The frame in a factory made solar panel is typically the piece of aluminum into which all four sides of the solar panel sheet are inserted. Think of it as a skeletal rectangular frame. Incidentally, the solar panel film consists of the other 4 components and is layered and laminated in the following order from top to bottom; the tempered glass, the top encapsulation, the solar cells, the bottom encapsulation, then the backsheet. In our DIY solar panel we are using a wooden frame and the end result would be something analogous to a picture frame where the picture consists of the solar cells glued onto a non-conductive plate, the glass for the top cover is plexiglass and etc. The wooden part is used as the frame and backsheet .
4.) back sheet
The back sheet is the plastic sheet layer on the back of the module. This is the only layer that protects the module from unsafe DC voltage. The main function of the backsheet is to insulate and protect the handler from impact and to provide the safest, most efficient and reliable electrical conductivity possible.
The back is made of plywood onto which the frame is screwed at the top and sides. It should be noted here that a perforated hardboard (pegboard) is used to place and align the PV cells and this pegboard will sit on top of the wooden backsheet and fit into the wooden frame.
5.) Junction box
The connecting wires and bypass diodes are housed and hidden in the junction box. The connection wires are essentially the positive and negative wires based on the series connections of the PV cells and can be connected to another solar panel, a charge controller, a battery system or an inverter depending on the system design. The bypass diode is a protective mechanism that prevents power from getting back to the solar panel when it is not producing power, such as at night.
There are junction boxes for factory made solar panels that are now available online, especially from China. If you don’t have time you can order online and wait for delivery, otherwise you can just buy a regular electrical junction box at your local hardware store. The purpose of the junction box is to protect the terminals (positive and negative terminals) from water, dust and other elements. This is also where the two wires (red for positive and black for negative) come from. The other end of these two wires can also be protected with a PV accessory called MC4, which can also be purchased online along with the PV junction box.

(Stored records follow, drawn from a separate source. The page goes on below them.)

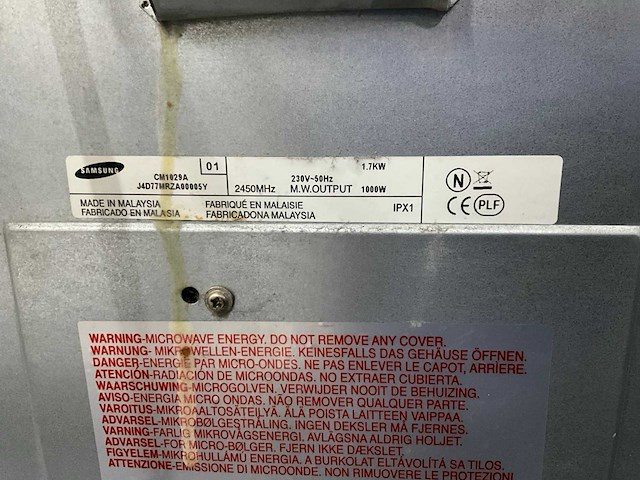 Samsung cm 1028 a magnetron - afbeelding 7 van  7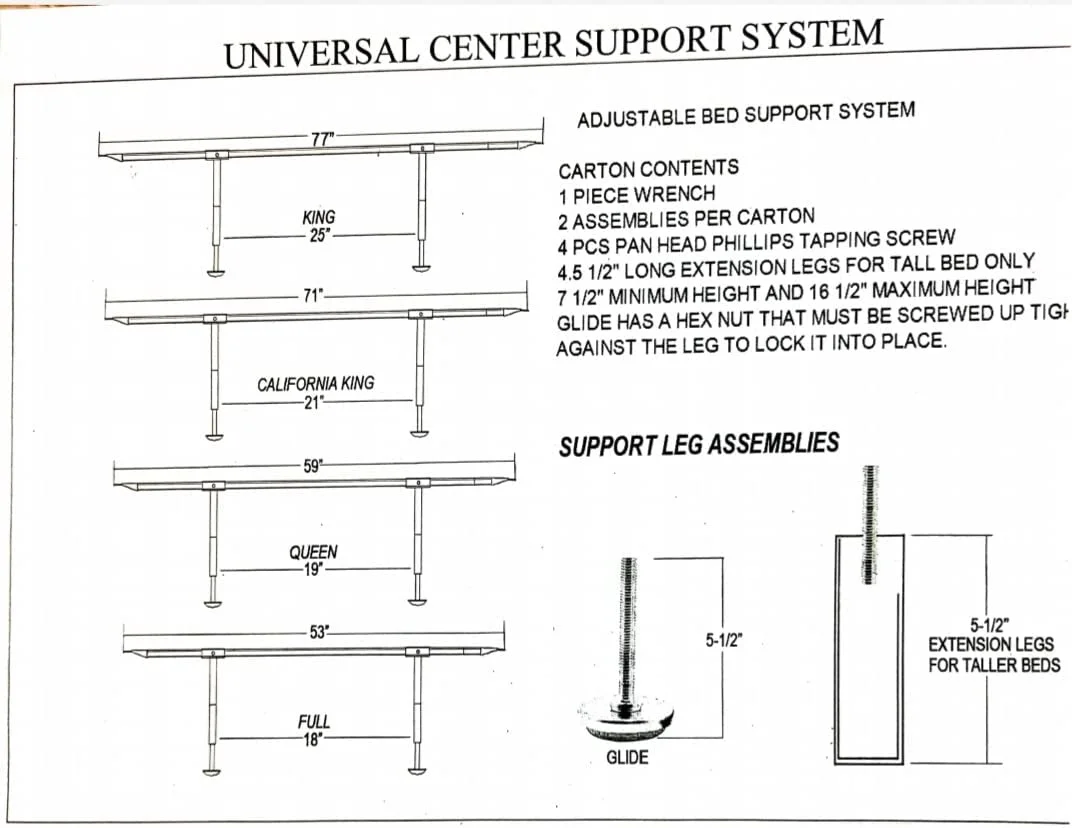 YILAN Universal Bed Support | Custom 30 yrs Experience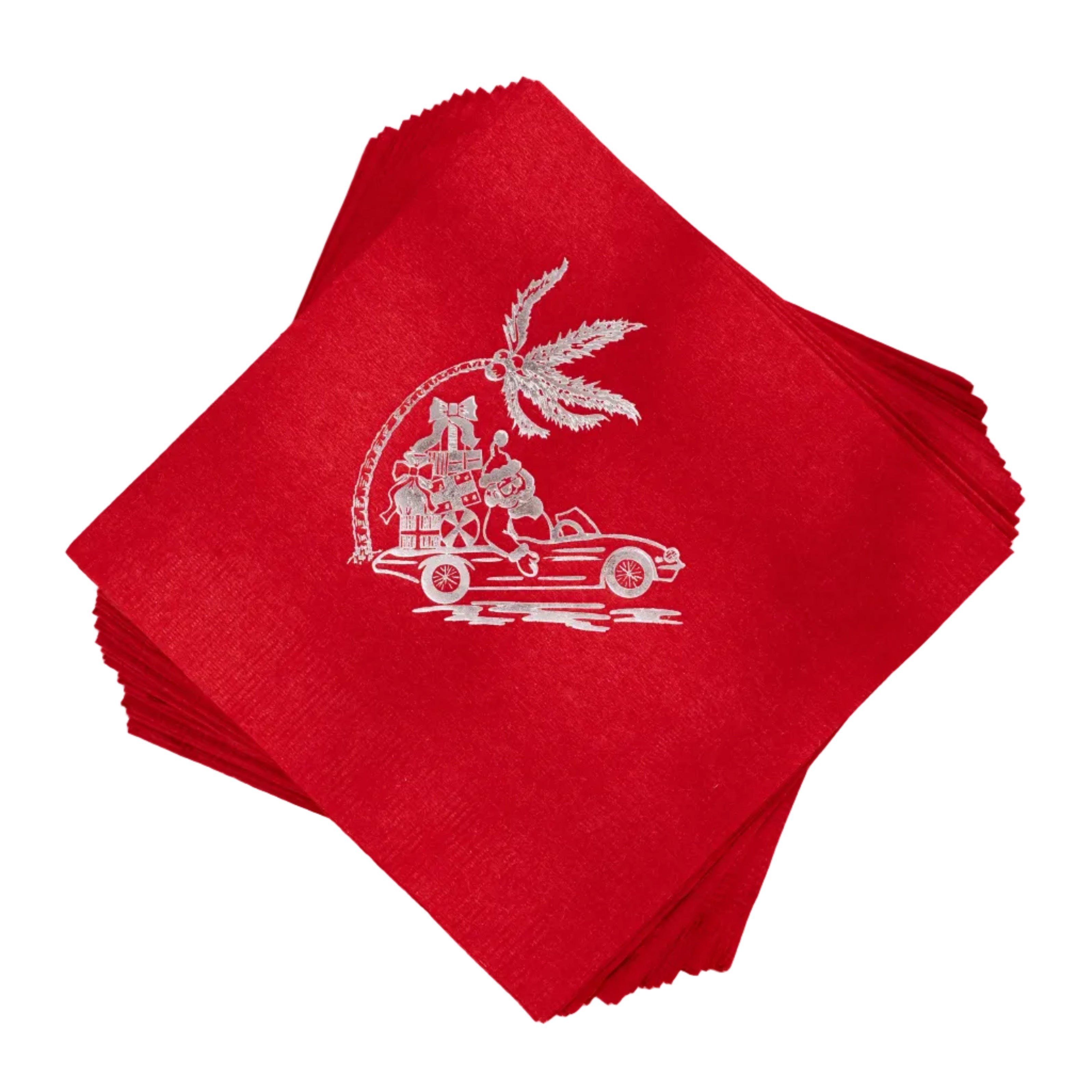 island santa cocktail paper beverage napkins - set of 20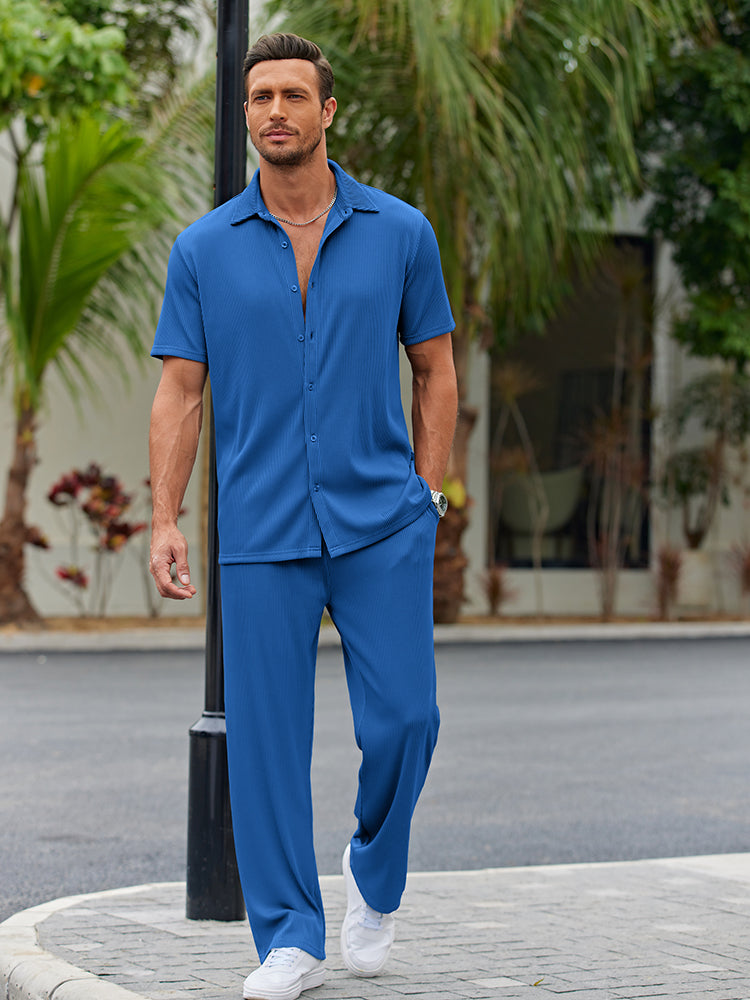 Casual Shirt Sets with Loose Fit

Encapsulation films prevent water and dirt from entering the solar panels and act as shock absorbers to protect the PV cells. They have that adhesiveness to the glass, the PV cells, and the backsheet, similar to an adhesive but stronger. Encapsulations are typically made of ethylene vinyl acetate or EVA and are applied using laminating machines and processes. Solar panel manufacturers use a vacuum and large oven to properly seal and cure the EVA film onto the solar panels. Most of us are unable to do this, but many have tried anyway and failed, while others have had varying degrees of success.
Encapsulation materials are thin plastic sheets that are typically laminated to the top and bottom portions of the solar cell sheet. The bottom encapsulation is the layer on the backsheet where the solar cells are actually placed and supported. In our project we will use a latex acrylic paint instead. This paint is not applied to the PV cells because, when tested, it does not result in even distribution or application of the liquid to the surface of the cells, which can affect performance. The paint is applied to the wooden frame, wooden back panel and pegboard. This latex acrylic paint should be able to protect the wooden parts from UV rays and better resist blistering and cracking over time. Although this paint is water soluble, it can dry quickly and become waterproof.